## DESCRIPTION OF THE TASK
Going through the material below, please gather all lines with the word "your" in them.

## DATA FOR THIS EXERCISE

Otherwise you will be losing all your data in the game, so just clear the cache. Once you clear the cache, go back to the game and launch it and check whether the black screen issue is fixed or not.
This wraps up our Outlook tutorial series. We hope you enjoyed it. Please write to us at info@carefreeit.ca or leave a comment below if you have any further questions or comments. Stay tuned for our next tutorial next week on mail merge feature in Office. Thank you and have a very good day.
...
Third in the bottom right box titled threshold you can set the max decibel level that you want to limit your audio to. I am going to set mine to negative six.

## RESPONSE
Otherwise you will be losing all your data in the game, so just clear the cache. Once you clear the cache, go back to the game and launch it and check whether the black screen issue is fixed or not.
Third in the bottom right box titled threshold you can set the max decibel level that you want to limit your audio to. I am going to set mine to negative six.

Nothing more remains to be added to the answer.